Source material:
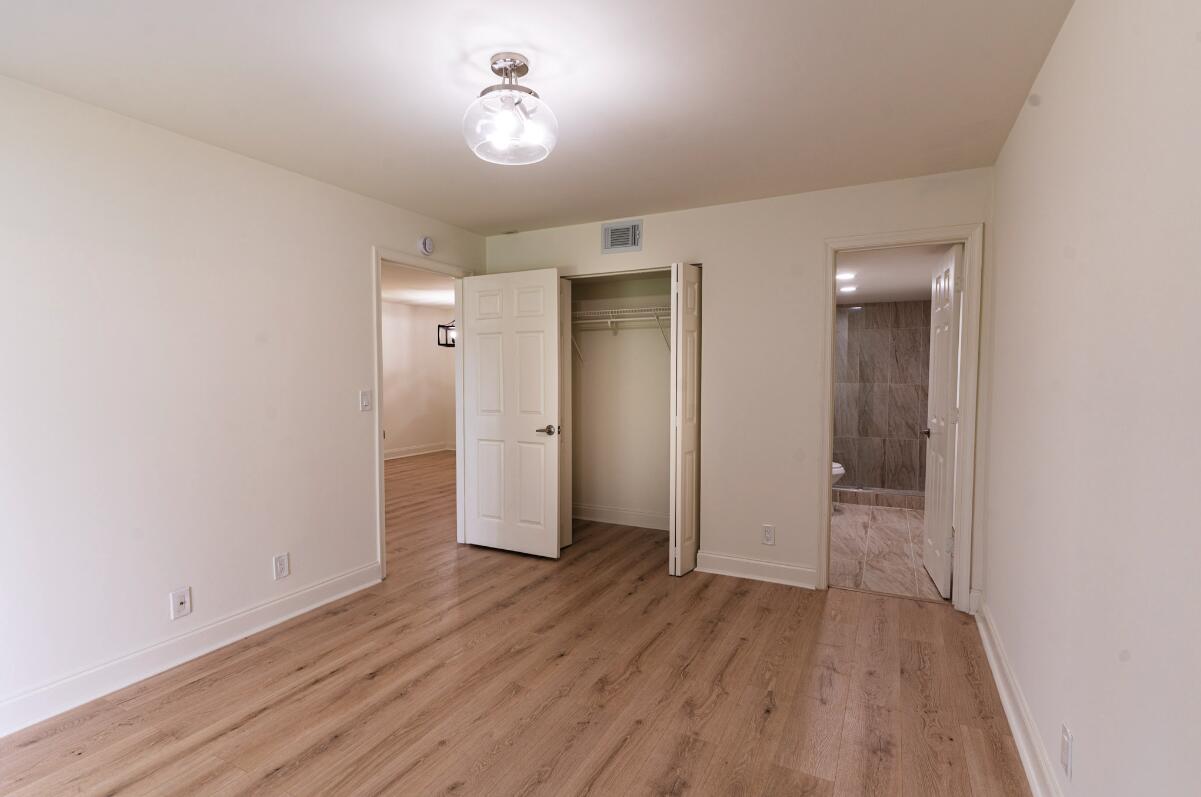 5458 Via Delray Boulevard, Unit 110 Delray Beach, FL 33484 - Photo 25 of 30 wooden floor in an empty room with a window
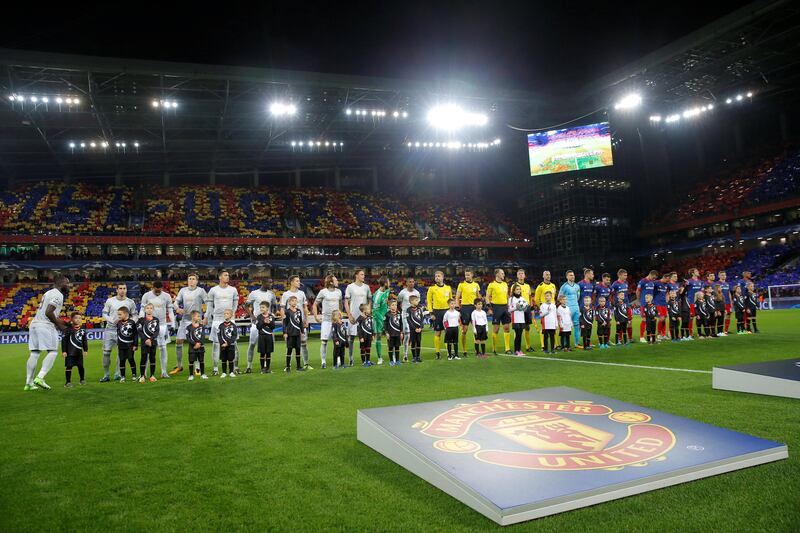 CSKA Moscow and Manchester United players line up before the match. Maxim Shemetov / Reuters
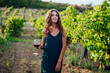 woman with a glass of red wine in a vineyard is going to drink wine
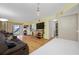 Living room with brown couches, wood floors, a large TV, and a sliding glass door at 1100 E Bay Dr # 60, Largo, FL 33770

To do:
Without any pictures, repeat the listing exactly.

Written solution:
 5458 Via Delray Boulevard, Unit 110 Delray Beach, FL 33484 - Photo 25 of 30 wooden floor in an empty room with a window
 CSKA Moscow and Manchester United players line up before the match. Maxim Shemetov / Reuters
 woman with a glass of red wine in a vineyard is going to drink wine
 Living room with brown couches, wood floors, a large TV, and a sliding glass door at 1100 E Bay Dr # 60, Largo, FL 33770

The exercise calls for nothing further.